The evolution of asymmetry as a function of the mean (Figure 3) also shows that the Loango Bay sands can be grouped into two groups: a group with granulometric symmetry, made up of both fine and medium grains in relation to the mean diameter, and a group of sands with positive asymmetry dominated by small grains in relation to the mean diameter.

These sands all fall within the R-Q segment of Passega (Figure 4), corresponding to uniform suspension transport.

Plotting the values of the median against those of the standard deviation in the [16] diagram (Figure 5), we notice that the cloud of points is located in the area of sands of fluviatile origin.
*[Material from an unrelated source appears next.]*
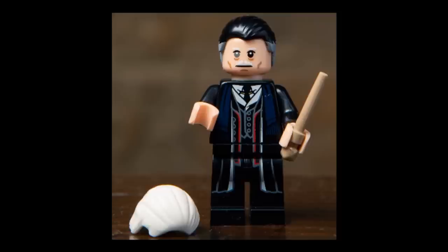Next figure is Percival Graves, although as you can see here he currently has his alternate face for where he's actually revealed to be Grindelwald. It does come with a white hairpiece to complete that transformation for bleached-mustache Grindelwald. For Graves, he has the Widow's Peak hairpiece in black with some very nice gray printing on the sides. The torso and legs aren't that much to write home about — they're nice but not much else. He comes with a light tan wand.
Robinson pipette size fractionation representing the vertical variation of these values along the profiles (Figure 6) shows that:

- The clays of Kivesso 2 have very low contents except at the level of the basins (depths 1.15 and 1.90) where they reach 30%. They do not exceed 5% along the profile. The silt content does not exceed 7% in the whole profile. On the other hand, fine and coarse sands constitute the dominant fraction with contents exceeding 60%.

- Kivesso 4 clays are high at depths of 1.8 m which corresponds to peat and at depths of 2.45 m and 3.1 m which are paleosols where they exceed 50%. At the same depths, silt content reaches 20%. In the other levels of the profile fine and coarse sands constitute the dominant fraction.
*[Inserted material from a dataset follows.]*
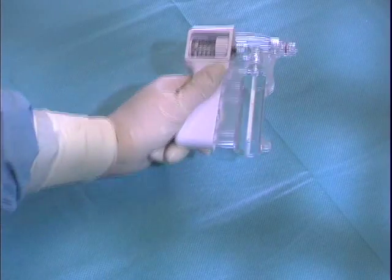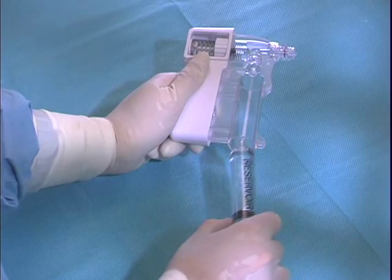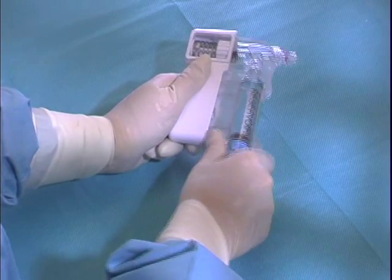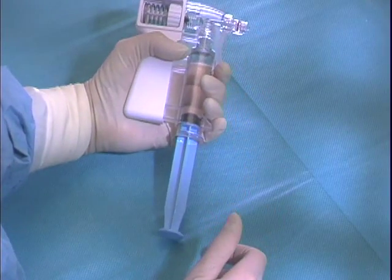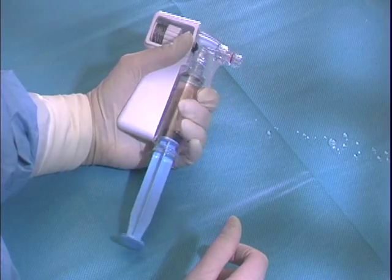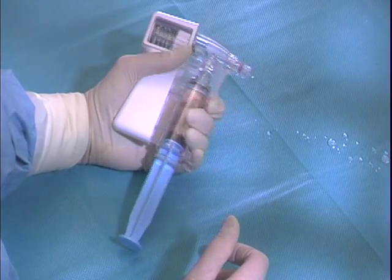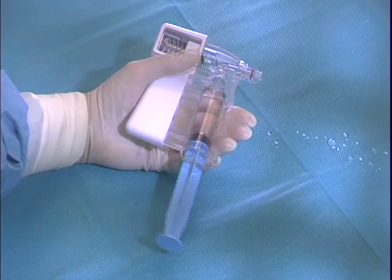If the clinician is using the Squirt fluid dispensing syringe, they will need to prime and debubble the product. To prime the Squirt, attach a 20 ml syringe containing saline to the bottom portion of the Squirt. Hold the Squirt in an upright position and squeeze the trigger bar until all air bubbles are expelled out of the check valve area of the Squirt.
- The Loango North 2 clays reach 50% in depths of 4.2 m and 4.48 m which are grey levels that frame the sandbanks. The sandy faction exceeds 80% along the rest of the profile.

The methodology used is that of the AFNOR series. The refusals of each sieve were cumulated and allowed to draw the cumulative curves from which we determined the granulometric indices Q5, Q16, Q25, Q50, Q75 and Q95. These indices allowed us to calculate the particle size parameters such as the mean, standard deviation and skewness according to the formulas of [17].

b) Cumulative Curves of the Kivesso 2 Sands

The cumulative sieve size curves of the Kivesso 2 sands are presented in Figure 7.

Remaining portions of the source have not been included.